Üyeleri arasındaki huzursuzluğu sezen en büyük dört sendika (USI, CUB, SGB, COBAS), işçilerin, “ücretlerde gerçek artışlar, çalışanlara erzak, çalışanların onuruna saygı ve 60 yaşında ya da 35 yıllık primle emeklilik hakkı” taleplerini ileri sürdüler.

Demokratik Parti’nin 2012’de geçirdiği İş Kanunu’ndan beri, kamu emekçileri, gitgide daha ağır koşullarla karşılaşıyorlar. Yerel medya organlarının grev günü röportaj yaptığı yurttaşlar, hizmet kesintilerinden duydukları yılgınlığı ifade ederken bile, büyük bir çoğunlukla grevcileri destekliyorlardı.

Geçtiğimiz ayki protestolar ve grevler, koalisyon hükümeti göçe yönelik baskısını sürdürür ve en son ulusal kemer sıkma bütçesini Avrupa Birliği’nin (AB) onayına sunarken gerçekleşti.

İtalyanlar arasında göç konusunda yaygın bir kaygı olmakla birlikte, göçmenlerin kötü durumuna yönelik büyük bir duygudaşlık ve göçteki ciddi artışın yurtdışındaki bitmek bilmeyen savaşlardan ve ekonomik yıkımdan kaynaklandığına ilişkin bir kavrayış da söz konusu.

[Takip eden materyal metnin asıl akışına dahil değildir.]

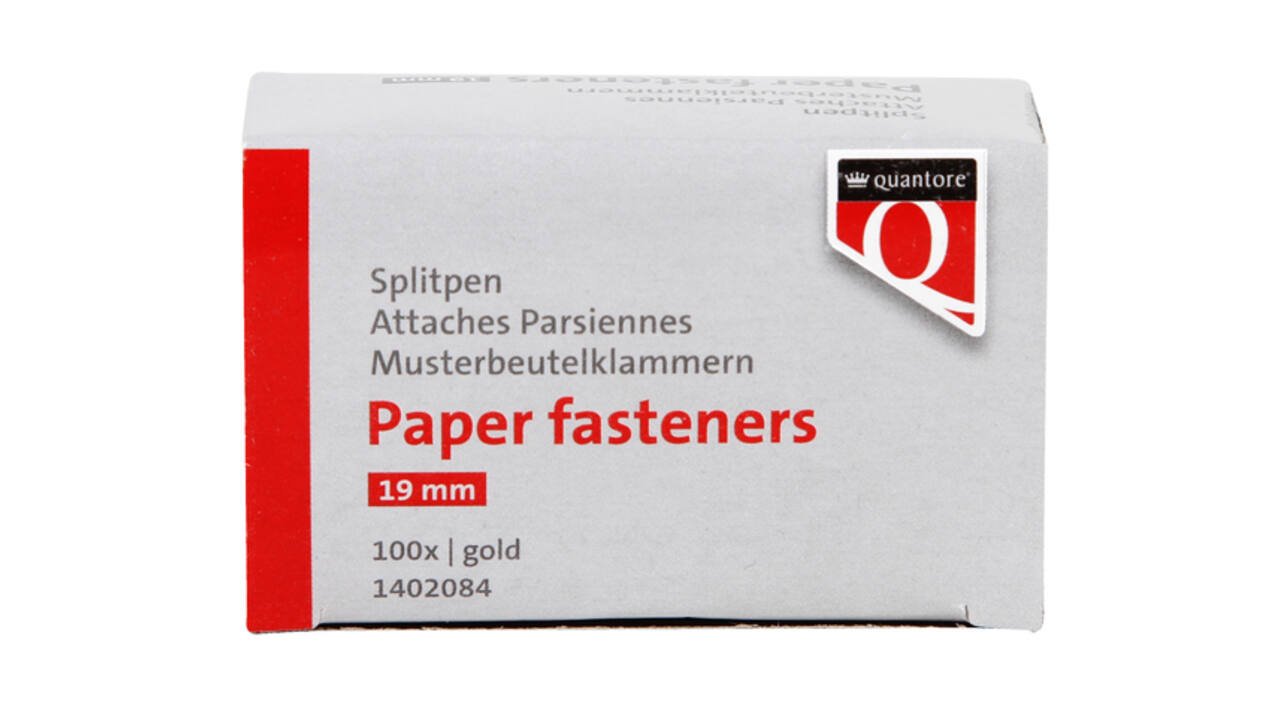 Splitpen Quantore 19mm 100 stuks goud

Geçtiğimiz hafta, Roma’da, genç bir kadının iddiaya göre bir grup İtalyan ve göçmen erkek tarafından öldürüldüğü yeri ziyaret eden Lega Partisi önderi Matteo Salvini, bu insani trajediyi göçmenleri daha fazla kötülemek amacıyla kullandığı için onu “çakal” sloganlarıyla yuhalayan yüzlerce protestocuyla karşılaştı.

Ekim ayının başında, güney İtalya’da bulunan Riace’ta, Roma’da ve Milano’da 6.000 dolayında insan, Riace’ın göçmen dostu belediye başkanının gözaltına alınmasını ve koalisyon hükümetinin göçmen karşıtı “faşist” politikalarını protesto etmek için gösteri yaptı. Hükümetin, Riace’taki göçmenlerin İtalya’ya yönelik bir tehdidi temsil ettiği suçlamasının tersine, kasabanın göç politikaları, yaygın biçimde, göçmenlerin toplumla nasıl bütünleştirilebileceğinin bir rol modeli olarak görülüyor.

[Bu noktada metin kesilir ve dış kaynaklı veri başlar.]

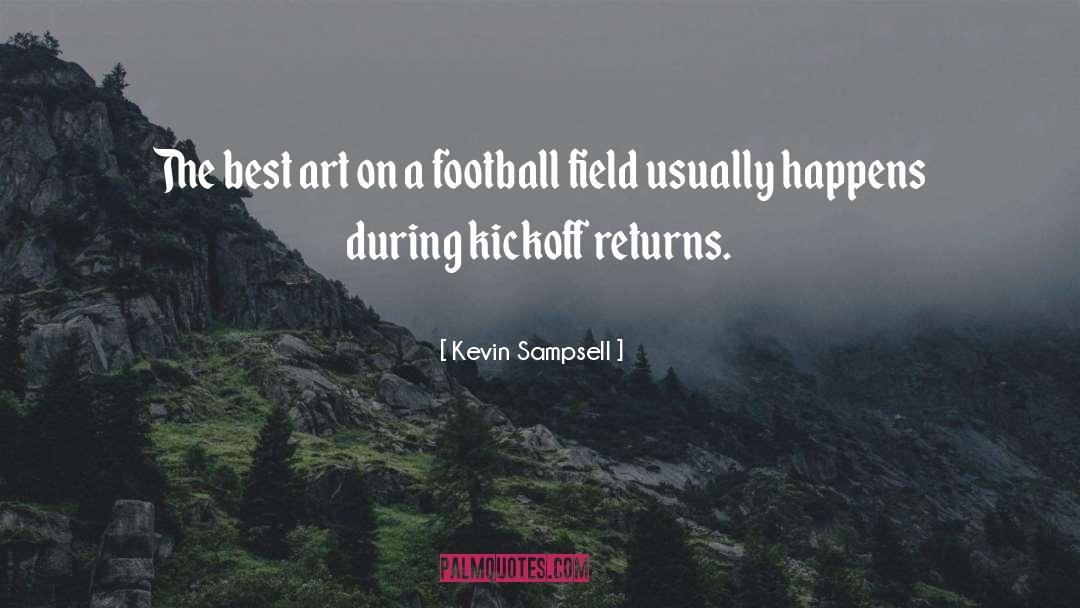 Football Field quotes by Kevin Sampsell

İtalya hükümeti, yüz binlerce göçmeni topluca sınır dışı etmek için büyük bir polis devleti aygıtı oluştururken, orduya ve polise milyarlarca avro sözü veren en son ulusal bütçe üzerinden daha fazla kemer sıkma ve şirketler için vergi muafiyetleri uyguluyor. Bunlara, İtalya yurttaşları için, onu almaya hak kazanmayı neredeyse olanaksız hale getirecek çok sayıda şartla birlikte getirilen aylık 780 avroluk yetersiz bir “temel gelir” sözü eşlik ediyor.

WSWS, 24 Ekim’de, hem AB yanlısı hem de aşırı sağcı popülist güçler, bir yandan İtalya’da ve dünyada bir piyasa çöküşünü kışkırtabilecek bir mali paniği önlemeye çalışır ve diğer yandan kendi kemer sıkma modellerini uygulama mücadelesi verirken, Avrupa burjuva politikasının zirvelerinde sert bir mücadele yaşandığını belirtmişti. Merkezi sorun, İtalya’da ve Avrupa genelinde kemer sıkmaya karşı işçi mücadelelerini birleştiren, işçi sınıfının bağımsız siyasi perspektifinin geliştirilmesidir.